LA CHAMBRE AFRICAINE

La vie de groupe est donc un des plaisirs de Dano. Là-bas, pour nous, le mot « association » prend tout son sens. Pourtant, j’aime les moments où je me retrouve seul dans la chambre. En général, j’y nettoie mon matériel, la caméra surtout qui a pris de la poussière toute la journée.

Ce moment de solitude me renvoie aussi à 2005, l’année de mon premier voyage dans la région, une période difficile. Dans un texte pour une part autobiographique (et gigogne) j’ai raconté ce voyage :

 « En février, alors que nous séjournions dans une région de brousse, l’Afrique que je retrouvais avait perdu sa magie. Dans le carnet que je tenais alors, je relis ces phrases : “Du temps et de la distance, un changement de cadre, il est vrai sans grande surprise, comme si pour le moment la crise que je vis faisait encore écran entre les choses et moi. (…) Le temps passe en Afrique, je traverse des paysages extraordinaires, vis des heures fortes, touchant de près ce qu’on peut appeler la misère. Ici, hommes et femmes sont démunis de tout, luttent au jour le jour pour survivre, sont confrontés régulièrement à la mort de leurs proches. Ce n’est pas une surprise pour moi. Je me sens en terrain connu et le parfum de l’aventure s’évente. Signe que j’ai vieilli sans doute; le même voyage il y a vingt ans m’aurait secoué davantage.” Les chambres dans lesquelles nous logions étaient extrêmement rudimentaires ; certains d’entre nous ne disposaient pas même de l’eau courante ; mais je regagnais tous les soirs avec soulagement ma paillasse, pour penser, essayer de comprendre ce qui était en train d’arriver. »
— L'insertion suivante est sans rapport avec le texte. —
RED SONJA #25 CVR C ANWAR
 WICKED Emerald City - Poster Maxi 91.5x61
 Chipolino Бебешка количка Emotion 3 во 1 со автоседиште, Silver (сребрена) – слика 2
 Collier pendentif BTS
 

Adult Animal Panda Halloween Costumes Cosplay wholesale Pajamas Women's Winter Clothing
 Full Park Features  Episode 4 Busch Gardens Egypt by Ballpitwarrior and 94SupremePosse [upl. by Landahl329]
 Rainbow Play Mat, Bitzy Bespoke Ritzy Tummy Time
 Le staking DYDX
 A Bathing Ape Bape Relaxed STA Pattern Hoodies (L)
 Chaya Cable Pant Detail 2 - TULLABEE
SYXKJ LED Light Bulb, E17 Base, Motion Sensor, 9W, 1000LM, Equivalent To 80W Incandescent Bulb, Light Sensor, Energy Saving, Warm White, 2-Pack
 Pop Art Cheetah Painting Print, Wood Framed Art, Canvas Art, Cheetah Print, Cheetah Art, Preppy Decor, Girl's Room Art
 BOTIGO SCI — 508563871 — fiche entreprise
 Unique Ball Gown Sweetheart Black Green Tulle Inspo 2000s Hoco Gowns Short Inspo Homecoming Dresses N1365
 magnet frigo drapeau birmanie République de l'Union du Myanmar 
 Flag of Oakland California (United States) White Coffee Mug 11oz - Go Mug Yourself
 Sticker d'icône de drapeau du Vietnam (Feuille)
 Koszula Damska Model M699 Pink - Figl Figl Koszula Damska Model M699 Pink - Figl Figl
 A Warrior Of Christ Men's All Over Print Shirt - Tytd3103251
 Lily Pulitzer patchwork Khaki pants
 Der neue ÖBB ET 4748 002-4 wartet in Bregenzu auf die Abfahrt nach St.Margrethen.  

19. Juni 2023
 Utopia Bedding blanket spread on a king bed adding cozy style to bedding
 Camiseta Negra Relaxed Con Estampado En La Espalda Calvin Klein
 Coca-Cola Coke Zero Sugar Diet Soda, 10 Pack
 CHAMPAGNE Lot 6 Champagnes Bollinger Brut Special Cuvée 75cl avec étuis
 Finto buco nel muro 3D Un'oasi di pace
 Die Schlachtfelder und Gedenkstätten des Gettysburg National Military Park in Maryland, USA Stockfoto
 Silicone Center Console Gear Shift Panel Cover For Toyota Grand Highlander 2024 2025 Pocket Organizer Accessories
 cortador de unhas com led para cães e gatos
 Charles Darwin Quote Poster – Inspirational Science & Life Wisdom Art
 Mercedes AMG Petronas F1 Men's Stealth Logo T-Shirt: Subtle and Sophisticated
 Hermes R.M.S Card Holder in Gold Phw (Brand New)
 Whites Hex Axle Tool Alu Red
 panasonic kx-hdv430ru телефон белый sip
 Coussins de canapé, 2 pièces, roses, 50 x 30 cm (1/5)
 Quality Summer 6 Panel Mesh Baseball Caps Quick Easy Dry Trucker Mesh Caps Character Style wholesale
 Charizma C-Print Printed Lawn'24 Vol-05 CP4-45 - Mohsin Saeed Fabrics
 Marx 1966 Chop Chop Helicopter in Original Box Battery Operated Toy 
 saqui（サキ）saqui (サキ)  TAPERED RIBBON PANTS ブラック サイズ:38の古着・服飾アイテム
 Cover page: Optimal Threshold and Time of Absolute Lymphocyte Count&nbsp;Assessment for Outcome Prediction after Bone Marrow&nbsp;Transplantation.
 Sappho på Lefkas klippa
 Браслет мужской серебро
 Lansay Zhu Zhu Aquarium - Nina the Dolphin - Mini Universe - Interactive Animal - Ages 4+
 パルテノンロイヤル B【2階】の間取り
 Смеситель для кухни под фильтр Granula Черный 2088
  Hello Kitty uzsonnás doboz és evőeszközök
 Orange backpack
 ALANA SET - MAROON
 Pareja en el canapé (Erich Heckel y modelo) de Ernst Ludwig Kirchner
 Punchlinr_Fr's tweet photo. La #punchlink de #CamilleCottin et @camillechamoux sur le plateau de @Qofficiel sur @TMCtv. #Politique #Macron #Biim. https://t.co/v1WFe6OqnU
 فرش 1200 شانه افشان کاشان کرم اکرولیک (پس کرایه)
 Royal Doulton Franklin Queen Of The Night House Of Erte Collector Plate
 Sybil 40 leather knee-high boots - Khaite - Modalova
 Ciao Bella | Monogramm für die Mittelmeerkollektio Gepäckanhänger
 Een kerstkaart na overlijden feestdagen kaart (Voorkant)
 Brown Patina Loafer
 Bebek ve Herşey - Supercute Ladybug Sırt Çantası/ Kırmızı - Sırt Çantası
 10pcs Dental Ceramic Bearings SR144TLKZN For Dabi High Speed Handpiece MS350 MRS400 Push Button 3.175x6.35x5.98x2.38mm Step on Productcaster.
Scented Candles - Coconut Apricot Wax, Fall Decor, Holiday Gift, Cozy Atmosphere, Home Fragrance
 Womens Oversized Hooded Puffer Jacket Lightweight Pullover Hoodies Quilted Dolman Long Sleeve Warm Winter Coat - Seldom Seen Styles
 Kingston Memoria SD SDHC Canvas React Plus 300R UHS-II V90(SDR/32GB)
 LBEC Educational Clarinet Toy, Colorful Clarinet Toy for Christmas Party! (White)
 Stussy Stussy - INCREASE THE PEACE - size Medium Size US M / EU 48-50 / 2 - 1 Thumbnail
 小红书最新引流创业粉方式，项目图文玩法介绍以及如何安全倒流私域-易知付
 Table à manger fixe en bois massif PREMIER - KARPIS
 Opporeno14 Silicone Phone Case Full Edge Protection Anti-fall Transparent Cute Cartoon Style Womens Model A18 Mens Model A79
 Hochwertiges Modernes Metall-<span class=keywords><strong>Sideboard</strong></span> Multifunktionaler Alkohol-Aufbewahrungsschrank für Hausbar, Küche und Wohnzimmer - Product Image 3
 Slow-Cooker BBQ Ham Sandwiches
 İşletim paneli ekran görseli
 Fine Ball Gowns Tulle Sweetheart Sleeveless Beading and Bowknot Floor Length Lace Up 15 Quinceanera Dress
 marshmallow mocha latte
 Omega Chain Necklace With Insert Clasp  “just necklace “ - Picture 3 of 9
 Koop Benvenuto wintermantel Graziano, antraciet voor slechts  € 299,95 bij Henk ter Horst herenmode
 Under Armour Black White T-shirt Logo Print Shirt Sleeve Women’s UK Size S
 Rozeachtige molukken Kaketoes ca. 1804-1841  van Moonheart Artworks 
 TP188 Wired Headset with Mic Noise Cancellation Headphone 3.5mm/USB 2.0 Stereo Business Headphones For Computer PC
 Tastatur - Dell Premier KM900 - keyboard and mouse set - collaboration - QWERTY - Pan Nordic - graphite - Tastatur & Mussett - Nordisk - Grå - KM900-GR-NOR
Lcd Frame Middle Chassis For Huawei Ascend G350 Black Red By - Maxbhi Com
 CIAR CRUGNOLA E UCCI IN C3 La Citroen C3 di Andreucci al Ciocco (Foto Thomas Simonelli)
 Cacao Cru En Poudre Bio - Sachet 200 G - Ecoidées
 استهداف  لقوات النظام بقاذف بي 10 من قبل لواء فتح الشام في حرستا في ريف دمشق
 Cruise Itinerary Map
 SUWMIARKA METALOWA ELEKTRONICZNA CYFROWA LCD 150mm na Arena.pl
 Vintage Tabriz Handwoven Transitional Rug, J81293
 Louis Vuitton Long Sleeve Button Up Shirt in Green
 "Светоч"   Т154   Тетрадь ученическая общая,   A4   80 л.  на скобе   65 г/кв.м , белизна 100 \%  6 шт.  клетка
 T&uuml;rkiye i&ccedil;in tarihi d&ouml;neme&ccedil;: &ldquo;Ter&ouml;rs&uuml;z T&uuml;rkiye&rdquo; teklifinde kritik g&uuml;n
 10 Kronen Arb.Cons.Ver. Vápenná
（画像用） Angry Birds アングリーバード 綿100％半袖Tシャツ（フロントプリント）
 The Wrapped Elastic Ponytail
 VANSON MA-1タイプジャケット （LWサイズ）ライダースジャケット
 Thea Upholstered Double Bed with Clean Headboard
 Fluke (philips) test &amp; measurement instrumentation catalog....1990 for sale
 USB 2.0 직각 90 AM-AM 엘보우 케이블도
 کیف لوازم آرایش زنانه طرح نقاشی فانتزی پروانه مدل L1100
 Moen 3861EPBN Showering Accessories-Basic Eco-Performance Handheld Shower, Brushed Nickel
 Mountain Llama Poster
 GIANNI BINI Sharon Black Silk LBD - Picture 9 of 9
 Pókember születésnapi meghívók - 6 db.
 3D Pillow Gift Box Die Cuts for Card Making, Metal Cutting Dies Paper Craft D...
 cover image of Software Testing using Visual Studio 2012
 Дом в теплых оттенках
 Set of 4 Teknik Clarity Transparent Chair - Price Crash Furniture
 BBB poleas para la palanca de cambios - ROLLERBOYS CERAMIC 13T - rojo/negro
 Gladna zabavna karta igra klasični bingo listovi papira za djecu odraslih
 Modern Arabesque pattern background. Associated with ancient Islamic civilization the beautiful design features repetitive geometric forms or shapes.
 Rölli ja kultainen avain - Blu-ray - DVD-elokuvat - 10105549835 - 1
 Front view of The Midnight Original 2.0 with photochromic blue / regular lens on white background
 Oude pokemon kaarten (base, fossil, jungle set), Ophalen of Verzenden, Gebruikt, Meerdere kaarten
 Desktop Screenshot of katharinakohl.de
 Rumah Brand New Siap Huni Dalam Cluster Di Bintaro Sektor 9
Depuis, je suis retourné plusieurs fois à Dano et mon regard a changé : je suis moins misérabiliste, même si je n’ignore pas pour autant les difficultés du pays. Peut-être mes propres difficultés se sont-elles éloignées ou n’est-il plus d’actualité de récupérer l’expérience vécue à des fins ouvertement romanesques. Ma démarche est différente parce qu’elle s’inscrit davantage dans le collectif ou tout simplement l’amitié; dans l’action, en fin de compte, aussi modeste soit-elle… La chambre, cependant, reste un besoin, un lieu de dialogue avec moi-même et, éventuellement, de relative sérénité (mais je ne suis pas sûr de la justesse de ce terme).

PS : comme me l’a indiqué un ami, le Burkina Faso est 179ème sur les 185 pays comptabilisés dans le calcul de l’IDH (indice de développement humain).

1977

Ici commence une courte série d’articles sur Istanbul et la Turquie.

1977, c’est l’année de mon premier voyage. Avec Patrick et André, venant d’Istanbul, nous comptions prendre un ferry à Izmir pour rejoindre la Grèce. Arrivés à Izmir cependant, après un nuit passée dans le bus, nous avons découvert qu’aucun bateau ne partait. C’était un port industriel, sans grâce, sans paquebot. Il a donc fallu nous débrouiller sans connaître un seul mot de turc. Après avoir erré sur les quais, un type nous a expliqué en allemand que nous n’étions pas au bon endroit, que nous devions nous rendre à Cesme, un petit port au bord de la Mer Égée où nous aurions peut-être la chance de trouver un rafiot faisant la navette avec Chios. Dans la précipitation, nous sommes montés dans un autre bus et avons rejoint Cesme. Aujourd’hui, c’est devenu une station balnéaire bétonnée ; mais à l’époque on pouvait encore parler de bout du monde. Sur le port, un autre type nous a dit qu’un chalutier allait partir pour Chios, l’île que nous voyions à l’horizon. Nous nous sommes donc installés sur le pont pour débarquer une heure plus tard sur le territoire grec, prendre une chambre dans un petit hôtel et nous faire engueuler par la patronne qui trouvait que nous consommions trop d’eau sous la douche.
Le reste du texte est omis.